FOR MANY OF US, planning one's estate includes determining which charities will receive donations, and in what form the donations will be made. For those holding appreciated stock, a strategic move could be to create what's known as a charitable remainder trust, which allows you to roll the tax advantages of charitable giving into trust form.

How It Works
Let's say you bought $10,000 worth of stock 10 years ago. Today those shares are worth $100,000. You want to sell the shares but avoid the $13,500 in capital-gains taxes. What to do? If you put the stock into a charitable remainder trust, the trust can sell the stock tax-free, and for the next 20 years, the trust will pay you an annuity of, say, 6% of the principal. On top of that, you get a substantial tax deduction on the gift.

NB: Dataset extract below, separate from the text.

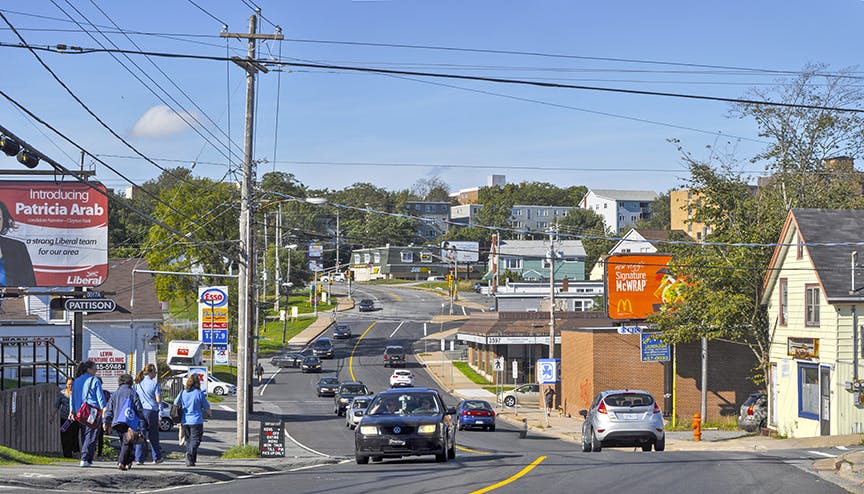 Dutch Village Road - Existing Conditions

The result: You move the money out of Uncle Sam's reach, create a steady flow of income for you and your heirs, and at the end of 20 years, the principal goes to charity. "I find that (a charitable trust) unifies a family," says Mill Valley, Calif., inheritance consultant John Levy. "Instead of fighting over who gets the jewelry and the antiques, it's a decision everyone can feel good about."

A Simpler Solution
An easier variation on this strategy is to just give appreciated stock to the charity of your choice outright. Say you have Coca-Cola shares that you were given as a child. The cost basis is just about nil. If you sell the stock for $20,000 and give the proceeds to charity after paying the capital-gains taxes, the charity gets only about $17,000, and you get a $17,000 tax deduction. But if you give the stock to the charity, which is tax-exempt, it can sell the shares and keep the whole $20,000. And you get a $20,000 deduction. This is what we call a win-win situation.